Determine how to handle workers with oversized payloads
This is a following up issue of #825 (comment 514946077)
From the original issue, an individual job itself doesn't affect our Redis cluster match. A wave of big-payload jobs do. There used to be an incident related to this: https://gitlab.com/gitlab-com/gl-infra/production/-/issues/3404. We detected a dozen of workers dispatching oversized payloads. Fixing all of them would eat up all of the bandwidth of the scalability team. Hence, we are exploring some other approaches to solve this permanently.
Approach 1: Offload the oversized Sidekiq job payload to the object storage
This is a catch 'em all solution. The idea is to implement an abstraction to handle oversized payload automatically. In detail:
- Tweak the current Sidekiq job payload limiter (gitlab-org/gitlab!53829 (merged)) to support
Offload
mode. - In the offload mode, the middleware pushes the job payload into the object storage. The job payload is replaced by a wrapper that includes the uploaded object ID only.
- Implement a server middleware to pull and restore the job payload.
- If the job finishes successfully, remove the object from the storage
- If the job needs to be retry, the wrapped job hash is pushed into the retry set
- If the job fails permanently, the wrapped job hash is pushed into the interrupted set or dead set
This approach may have many advantages:
- This solution is a future-proof solution. It means that we don't need to care about this in the future. Actually, we would dispatch some metrics and monitor the overall health, instead of playing whack-a-mole game with the new occurrences in the future.
- The solution is straight forward. I like its simplicity.
- It fixes all the workers at once. The effort for this approach is less than the effort to fix all the existing workers.
- It is transparent from the application layer.
In contrast, there maybe something we need to consider:
- More moving parts. The self-managed instances don't need this feature, but our GitLab.com SaaS has to add more dependencies.
- A little bit harder to debug if something goes wrong.
Approach 2: Enable raise mode in Sidekiq payload size limiter and provide some utility helpers to resolve the offenses
From a team sync meeting, we came up with another approach:
- Implement some utility helpers to support manual payload offloading. Of course, we should have a decent documentation, and examples.
- Delegate the troublesome workers to the corresponding stage groups.
- After the top ones are fixed, we pick a reasonable limit, and enable the raise mode (gitlab-org/gitlab!53829 (merged)). The error message (on Sentry?) should include a link to the aforementioned document.
This approach has some advantages:
- More predictable.

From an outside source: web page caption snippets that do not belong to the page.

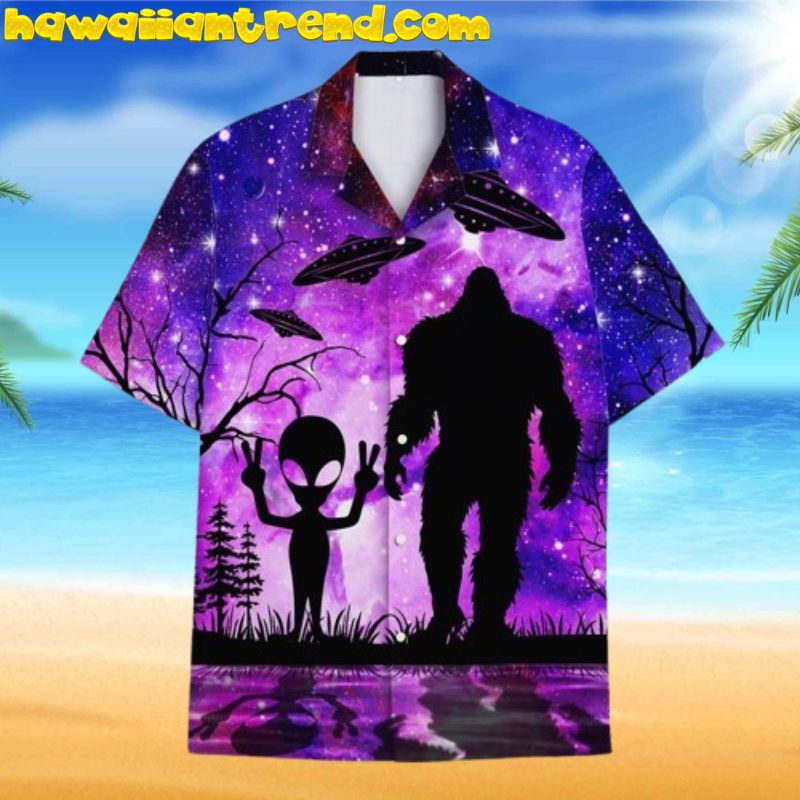 The Cat Meets UFO Retro Vintage Style Hawaiian Shirt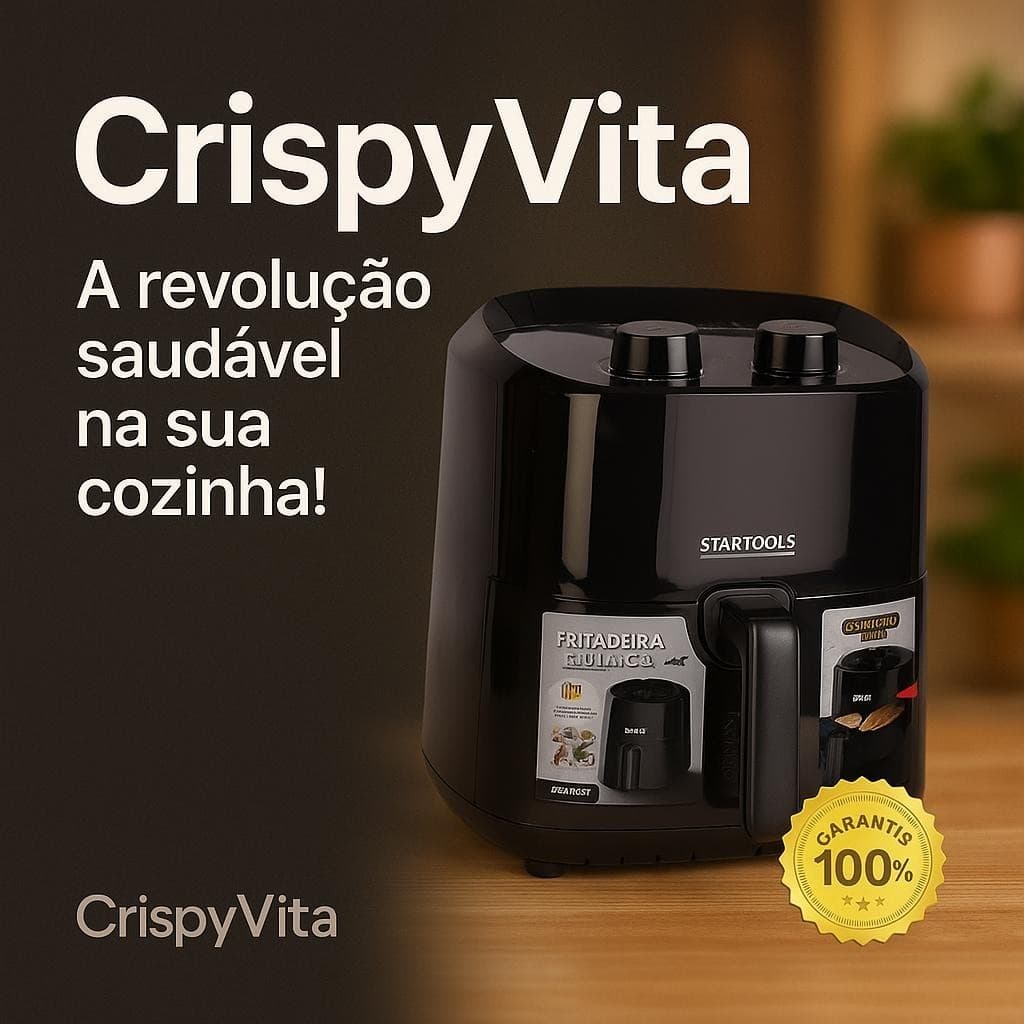 CrispyVita - Fritadeira Sem Óleo 3,4L Digital Rápido Para Refeições Saudáveis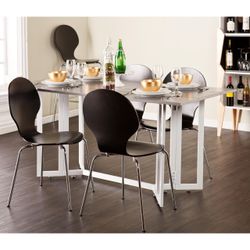 Holly Martin Driness Convertible Drop Leaf Dining Table For Small Spaces With Gate Leg Design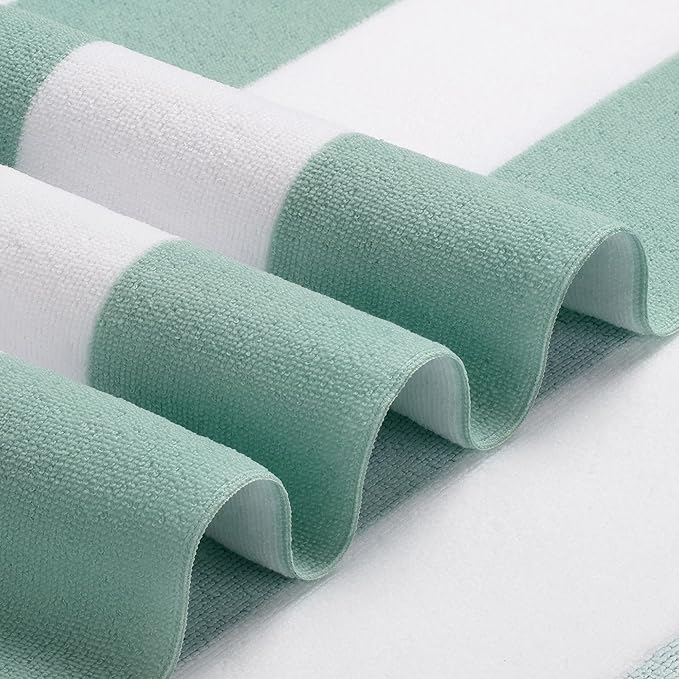 WILFA Extra Large Beach Towel - Oversized Mircofiber 40 x 70 inches, XL Striped Lightweight Pool Towel, Big Cabana Swim Travel Towel for Adults Mens Women,Teal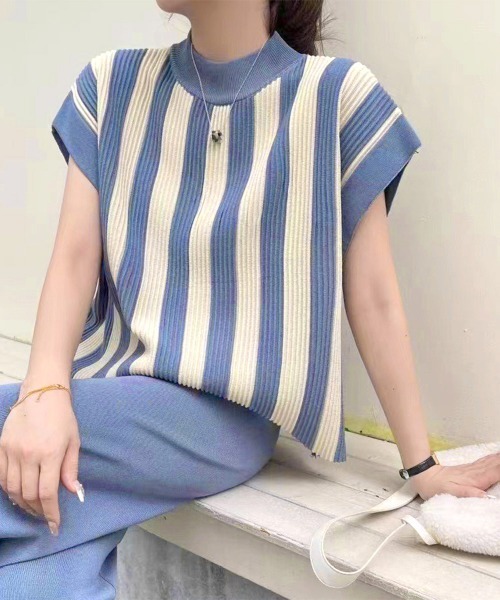 Miniministore（ミニミニストア）の「サマーニットセットアップ 韓国 春夏秋服（セットアップ・レディース・ダークベージュ/ミント/ブルー/ブラック/グレイッシュベージュ/アイボリー・FREE）」の14枚目の写真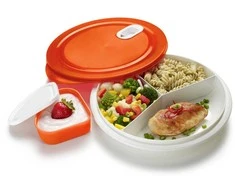 Pietų dėžutė Clever Rotho 260x260x48mm/1.2L balta/raudona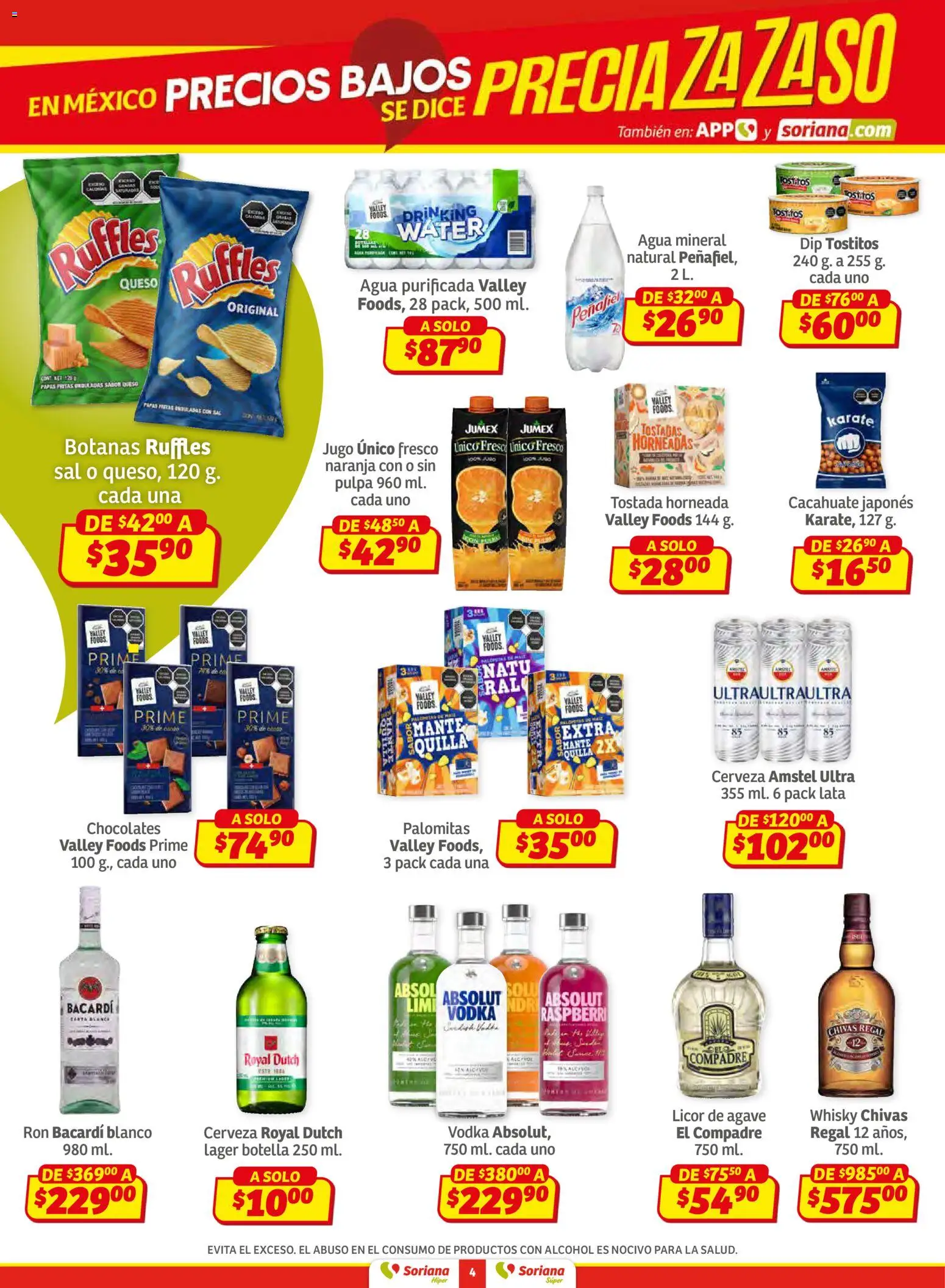 Nuevas ofertas de Soriana válidas en toda la República Mexicana desde el 15.01.2026. ¡Encuentra las mejores ofertas en Soriana - Preciazazaso Súper: Ags, Col, Gto, Jal, Mich! | Página: 4 | Productos: Agua, Papas fritas, Botella, Vodka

This gives us more control on which workers should actively offload the payload.
This approach has some disadvantages:
- From my own perspective, the payload oversizing issues are impossible to detect at the development phase. It's even hard to spot on Staging. The size of the payload may gradually build up and increase over time, when the size of data increases. The responsible stage groups will likely not be aware, until some jobs are forced to drop off (likely leading to another incident).
Approach 3: Compress oversized payload
From the analytics in #1054 (comment 567044321), the data (properly biased) conducted that memory is the last factor we need to be worried about. Unless there is a huge wave of a job from a particular job type flowing in, the system is still fine. It's likely that the system will be saturated by other factors first. Hence, one of a simpler solution would be reduce the damage instead. From gitlab-org/gitlab!59249 (comment 553666299), @smcgivern suggested that we could compress the data before pushing into Redis. That's actually a good idea.
Ruby ships with a built-in compression library called Zlib. As all of the job payloads are JSONs, the compression rate would be impressive. Most of the jobs are under 50MB, actually tiny comparing to other use cases needed compression. Hence, at the first glance, this is a cheap, low hanging-fruit approach we can follow.
This approach has some advantages:
- Zlib is built-in. We don't need to update the configuration or introduce more complexity to the system
- The compression rate is good [Need to update the data for this] that the payload size is not a problem anymore
- Easier to debug, at least easier than the object storage approach
And of course some advantages:
- Compression is a CPU-intensive operation. When adding the compression layer to Redis clients (API, Web, Git, etc.), we should be conscious about the compressing frequency, or the overall performance of the above fleets are affected. Picking the right limit is the key here.
Conclusion
The compression approach seems to be the best choice we have at the moment. Following this approach, we will:
- Implement compression mode in Sidekiq payload size limiter. This is done in gitlab-org/gitlab!61667 (merged).
- Compress jobs having payloads greater than 100kb (reasoning in #1054 (comment 567044321) and #1054 (comment 568129605)).
- Finally, enforce the job hard limit (presumably 5MB after compression). Oversized jobs will be rejected afterward.
- The rolling out progress is tracked in #1085 (closed).